Well spoken, dont think he said anything to disgaree with. Humble in defeat. Spoke a lot of sense, especially about the effects on a fighter mentally when burdened with being undefeated. Its a lot of weight on your shoulders, as the citics are intense waiting and encouraging for your downfall and the standards are sky high. You have to be able to be very strong mentally to be able to carry this weight. Thats why there has only ever been a few fighters who have remained undefeated throughout their professional careers in the history of this sport. Nathan has got nothing to be ashamed about "losing" he can feel proud that he managed to stay undefeated for so long. Many dont go that long!

But the fact that he hasn't really trained on anything technically in the gym and it was "just punch".....thats not good enough at all! In fact its criminal in this day and age in such a dangerous sport. Honest of him to admit that, but embarrassing at the same time. It also confirms what a lot of us were saying, about him needing to move on to a truly world class trainer and test himself.

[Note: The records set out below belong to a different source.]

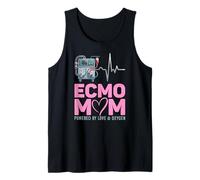 Mother’s Day ECMO Mom Hero Life Support Medical Tank Top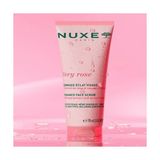 Nuxe Very Rose Aydınlatıcı Yüz Peelingi 75 ml Tüm Cilt Tipleri İçin Gül Özlü Maske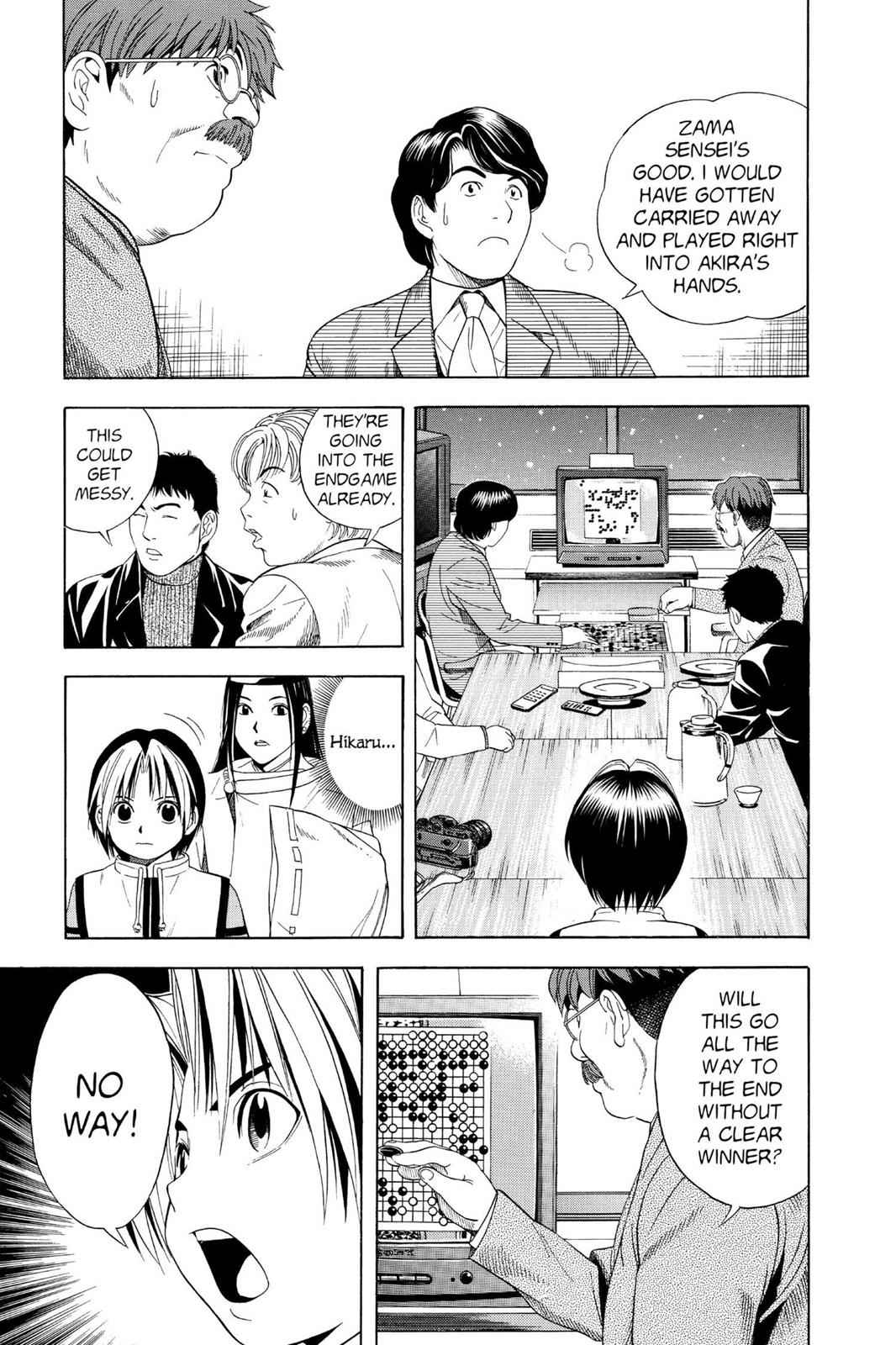 Hikaru no Go Chapter 50 Page 9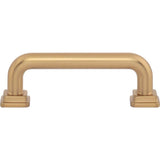 Atlas - Kimberton Pull 3 Inch (c-c) Warm Brass - Warm Brass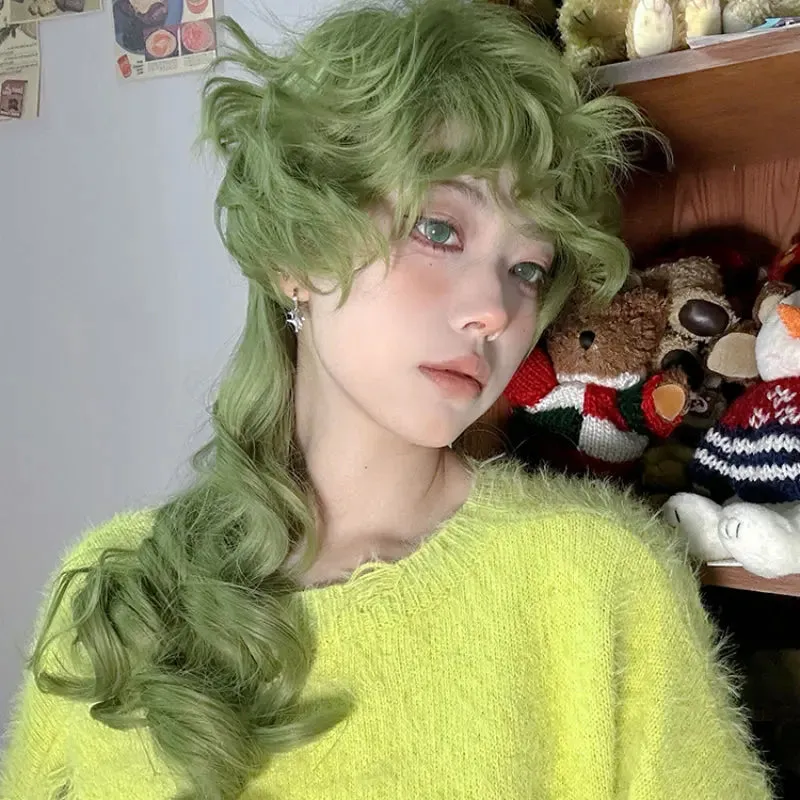 Ouji Green Wig ON1469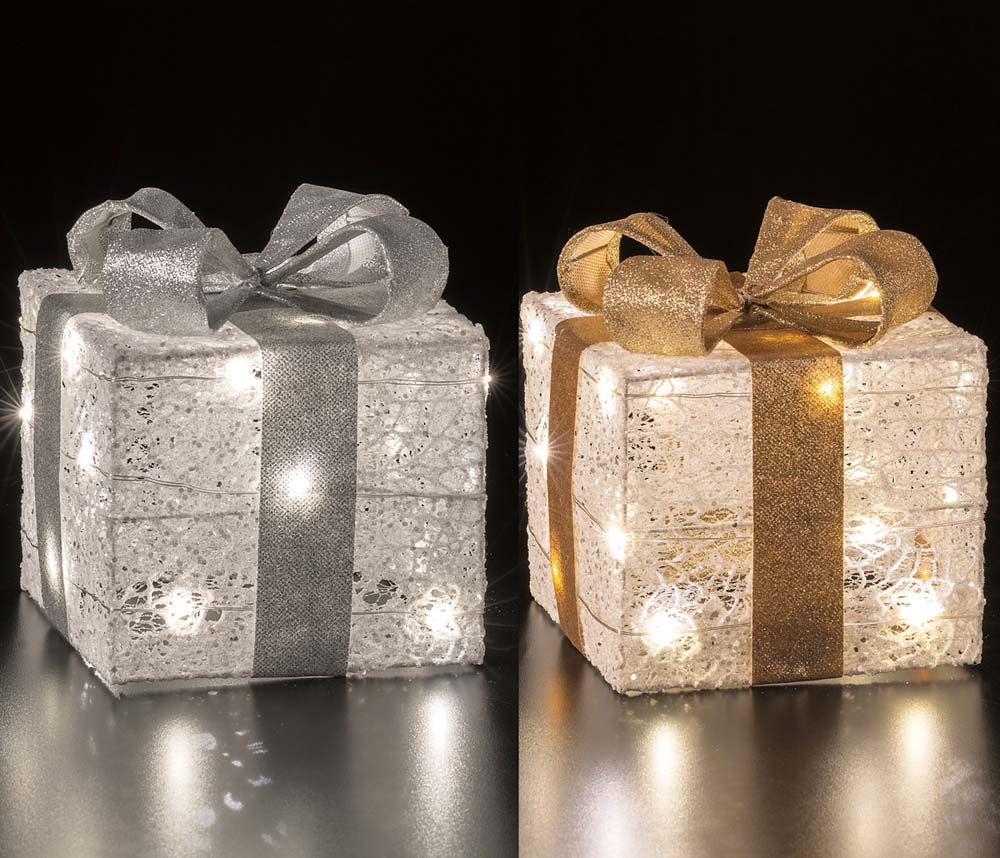 Novogodišnja dekoracija POKLON 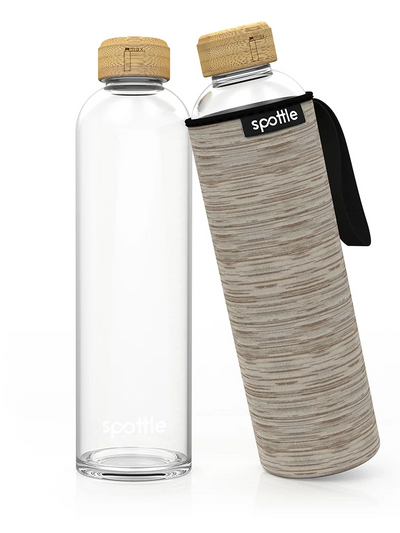 glasflasche-mit-neoprenhuelle-1liter-beige #color_mixed-beige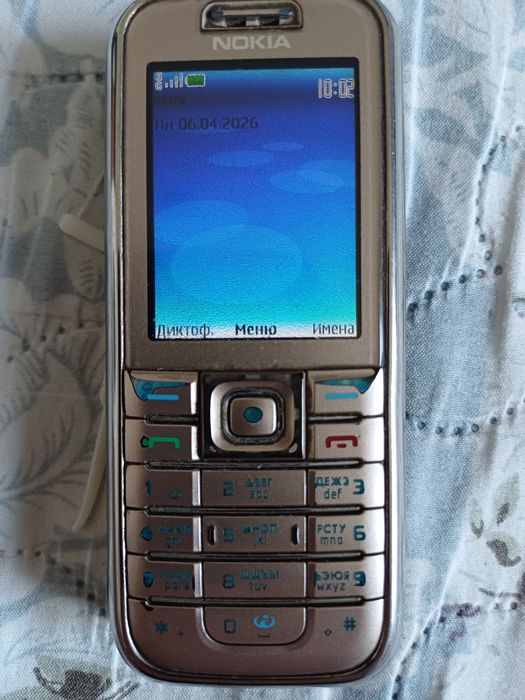 NOKIA 6233 made in Germany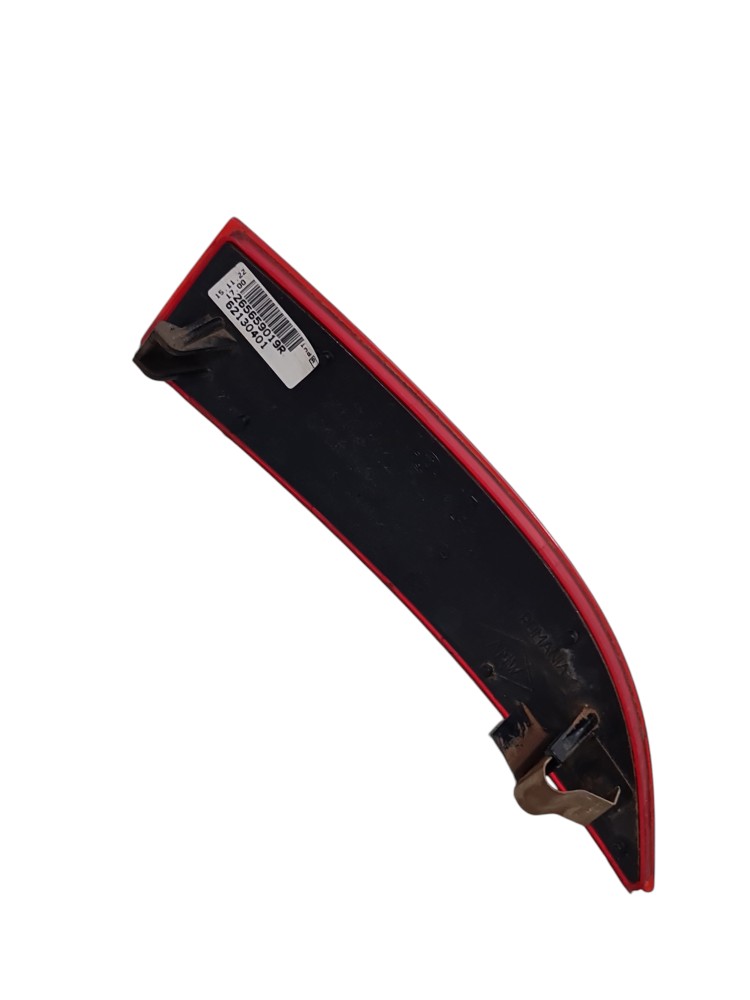 Refletor Traseiro Parachoque Renault Sandero 2014 A 2014 Vermelho 3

It could be too late for that now! It could be over.

Boxing has moved on, they should be doing these things in this country, or else we'll get left behind other Boxing nations, because they concentrate on all facets of the game and not just punching. The art of offense and defense need to be taught with the same focus and intensity.....they should not be separated. Why do you think so many fighters from the UK in times past, have gotten absolutely destroyed at ELITE level?

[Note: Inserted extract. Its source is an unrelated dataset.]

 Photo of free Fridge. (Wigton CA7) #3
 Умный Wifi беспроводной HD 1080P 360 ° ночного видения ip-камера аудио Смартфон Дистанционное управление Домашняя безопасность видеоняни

In fact, after hearing that, he wants to think himself lucky that he managed to become a world champion at all.


----------



## Scorpio78 (Jun 10, 2012)

Saw an interview with vince online yesterday, some welsh newspaper I think, and he was saying Nathan will prob go to America to a new team with new coach etc


----------



## BUMPY (Jul 26, 2012)

Fraud


----------



## Masters (May 20, 2013)

Scorpio78 said:


> Saw an interview with vince online yesterday, some welsh newspaper I think, and he was saying Nathan will prob go to America to a new team with new coach etc


Any chance of a link to this? Sounds like a good career move.


----------



## Bryn (Jun 2, 2012)

Masters said:


> Any chance of a link to this? Sounds like a good career move.


This could be it:

http://www.southwalesargus.co.uk/sport/10620244.print/

"Nathan will go away and then we'll have a talk about things, but I think you can expect to see a change of scenery for him and maybe a change of trainer."


----------



## Masters (May 20, 2013)

Bryn said:


> This could be it:
> 
> http://www.southwalesargus.co.uk/sport/10620244.print/
> 
> "Nathan will go away and then we'll have a talk about things, but I think you can expect to see a change of scenery for him and maybe a change of trainer."


Cheers.


----------



## ElCep (May 16, 2013)

robpalmer135 said:


> Who wants to be a Maths teacher. Make 40k a year to have kids shit on you every day.

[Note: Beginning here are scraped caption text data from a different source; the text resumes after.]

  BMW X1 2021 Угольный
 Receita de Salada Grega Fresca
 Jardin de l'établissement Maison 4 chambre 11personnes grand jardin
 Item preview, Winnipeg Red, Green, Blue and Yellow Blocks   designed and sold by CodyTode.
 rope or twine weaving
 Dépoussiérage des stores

£40k is a year is a very attractive wage to a big majority of people in this country.


----------



## JamieC (Jun 2, 2012)

enkephalin said:


> Although this is going off the subject of the thread, as someone pointed out theres simply too many people getting degrees these days and swamping the graduate market, shit degrees which are churned out like a mass production line, thanks to mickey mouse metropolitan's and shit 'A' level subjects so people can circumvent the traditional standards required of further education and eventually get a degree. The problem is you have the majority of Rtards (interviewers,gen public)who think a 2:1 in David Beckham studies from Mickey mouse Metrapolitan is better than a 2:2 in Maths from Cardiff University, you people do realise A level maths (when i did it) was the hardest A level on par with Physics, out of the whole class i got the top grade a B which was like goldust, even the geeks failed and got E's. Please don't comment on a subject if you have no experience in the subject matter.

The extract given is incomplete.